The Pope conferred on him the title "apostolic missionary" and
graciously blessed a small ivory cross that Louis Marie presented to him
and that he would later attach to his pilgrims staff.
f. Vincent-Francis Desmaretz, Bishop of Saint-Malo (d. 1739).
In 1707, after a short missionary experience with Dom Leuduger, Louis
Marie withdrew to the Saint-Lazare hermitage near the town of his birth.
Bishop Desmaretz of Saint-Malo, known for his Jansenist sympathies,
listened to the rumors circulating about the apostolate of the reclusive
priest. It was said that Montfort opposed an exaggerated sense of
autonomy on the part of the local clergy, and had spoken against the
canons of the Cathedral, etc. Louis Marie was therefore forbidden any
form of ministry in the diocese of Saint-Malo.

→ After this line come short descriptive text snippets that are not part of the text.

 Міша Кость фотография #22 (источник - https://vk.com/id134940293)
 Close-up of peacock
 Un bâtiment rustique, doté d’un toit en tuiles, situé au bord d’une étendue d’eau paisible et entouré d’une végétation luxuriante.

When he was ready to withdraw, there was a dramatic turn of events.
Msgr. Hindré, pastor of Bréal, had come to see Bishop Desmaretz for the
precise purpose of having Father de Montfort preach a mission in his
parish. Surprisingly, the Bishop responded affirmatively.15 In the
spring of 1708, Bishop Desmaretz came back to the town of Montfort.
"This time his speech was unambiguous and terse. He forbade Louis Marie
to preach outside of parish churches, including in the prohibition the
hermitage chapel [of Saint-Lazare]."16
g. Gilles de Beauveau de Rivau, Bishop of Nantes (d. 1717).

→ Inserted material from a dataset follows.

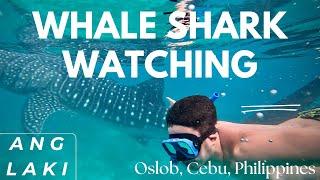 OSLOB WHALE SHARK WATCHING EXPERIENCE | SWIMMING WITH BUTANDING | PROCESS AND COST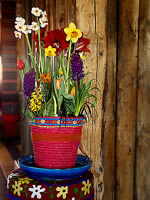 bunter blumentopf mexianisch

After leaving Saint-Malo, Montfort went back to the diocese of Nantes,
where he preached with remarkable success during 17081709.
During the mission at Pontchâteau he launched the idea of a monumental
Calvary. After more than a year of work everything was ready for the
dedication. However, on September 13, 1710, Montfort received a message
from the bishop forbidding him to proceed to the blessing of the Calvary
scheduled for the next day. Montfort left immediately for Nantes on foot
to plead with Bishop de Beauveau. He was unsuccessful in getting the
prohibition rescinded, which had come to him like a bolt from the blue.
Late in the morning of the following day, Louis Marie was back at
Pontchateau. The missionary informed them that on orders of the local
Ordinary, no blessing would take place. Bishop de Beauveau had concealed
that the real reason for his prohibition was that he had received an
order from the King to destroy the Calvary. Although he tried to defend
the missionary, the Bishop felt Montforts behavior was imprudent. While
he was preaching a mission at Saint-Molf, Father Olivier, one of his co-
workers, came to him with a letter from the bishop forbidding Montfort
any ministry whatsoever in the diocese of Nantes and ordered him to get
far away from the Calvary of Pontchâteau, never to return. Louis Marie
returned to Nantes to speak with the bishop, who finally decided to let
him know that the order for the demolition of the Calvary had come from
higher up. He marveled at Montforts calm and told his vicar general:
"Father de Montfort has to be either a great saint, or an arrogant
hypocrite!" Montfort spent the next eight days making a retreat at the
house of the Jesuits in the city. He said nothing about what had
happened, and there was nothing in his behavior that gave any indication
of his distress, even though he had burst out in tears when first
informed of the Bishops demand to destroy the entire site of the
immense calvary.17
h. Étienne de Champflour, Bishop of La Rochelle (d. 1724) and Jean-
François Salgues de Lescure, Bishop of Luçon (d. 1723).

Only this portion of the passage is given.